Historic house in New York, United States

The Benjamin Walworth Arnold House and Carriage House are located on State Street and Washington Avenue in Albany, New York, United States. They are brick structures dating to the beginning of the 20th century. In 1972 they were included as a contributing property to the Washington Park Historic District when it was listed on the National Register of Historic Places. In 1982 they were listed individually as well.

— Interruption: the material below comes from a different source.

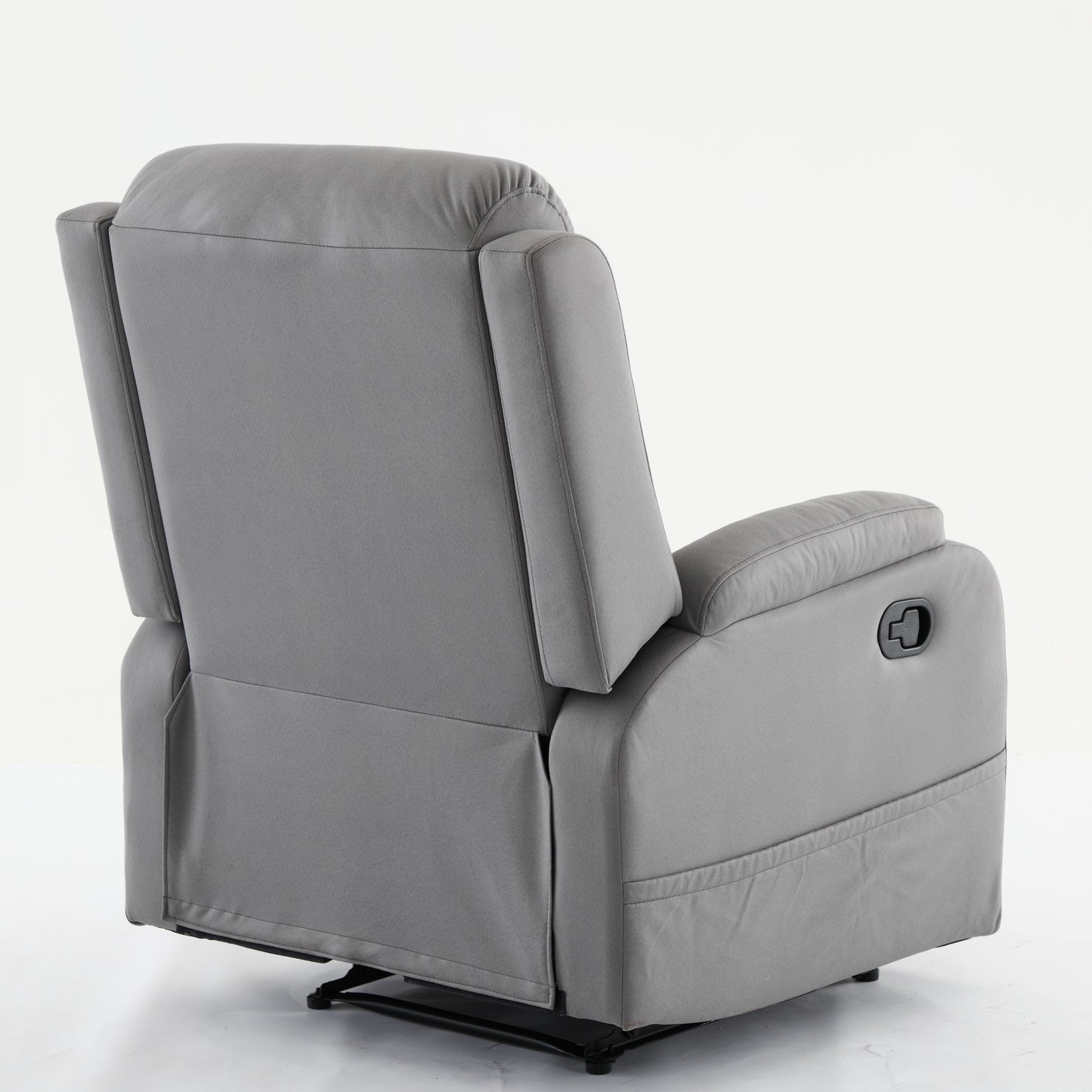 Best Choice Recliner Chair Living Room Reclining Sofa Chair, Home Theater Seating Modern Recliner, Manual Recliner Sofa Chair for Living Room/Office/Apartment, Easy-to-Reach Side Button - Gray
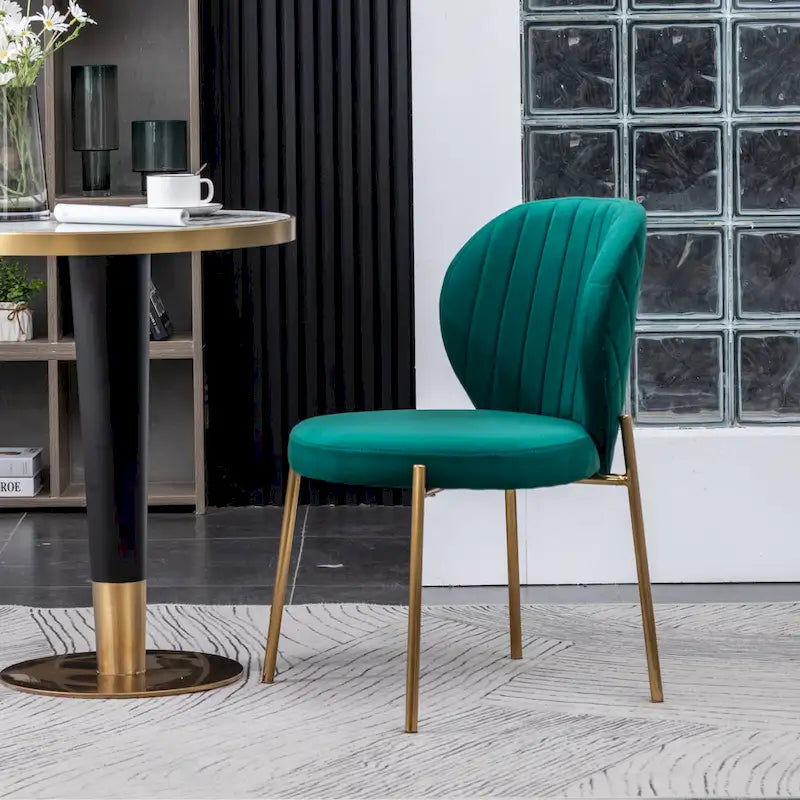 Roundhill Furniture Amoa – Ensemble de salle à manger contemporain 3 pièces, table ronde blanche et 2 chaises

Stanford White designed the buildings, which would be his only work in the city, for a local lumber magnate. They attracted considerable attention when they were completed as the first Colonial Revival buildings in Albany, and its first fully electrified house. The house is today the offices of the New York State Catholic Conference, and the carriage house an architectural firm's office.

==Buildings==

Both buildings are near Sprague Place, a short north–south street that connects State and Washington just north of the 81 acre Washington Park. The house is on a one-acre (4,000 m^{2}) lot taking up, along with a parking lot to the north, the entire west side of the block at the northwest corner of the intersection of State and Sprague opposite the park. The carriage house is on the north side of Washington where it forks to the north from Western Avenue, opposite the intersection of those two streets with Sprague. The surrounding neighborhood is densely developed and urban, with most buildings from the same era, originally designed for residential use. Some mature trees are planted among them, making the transition to the large park to the south less abrupt.

===House===

The house is a three-story five-by-five-bay structure of brick laid in Flemish bond, with corner quoins, on an exposed white marble foundation. It is topped by a flat roof pierced by three brick chimneys. On the east (front) facade the two bays flanking the center are on rounded projections. An iron fence with brick posts topped by wooden spheres sets it off from the streets on the south and east.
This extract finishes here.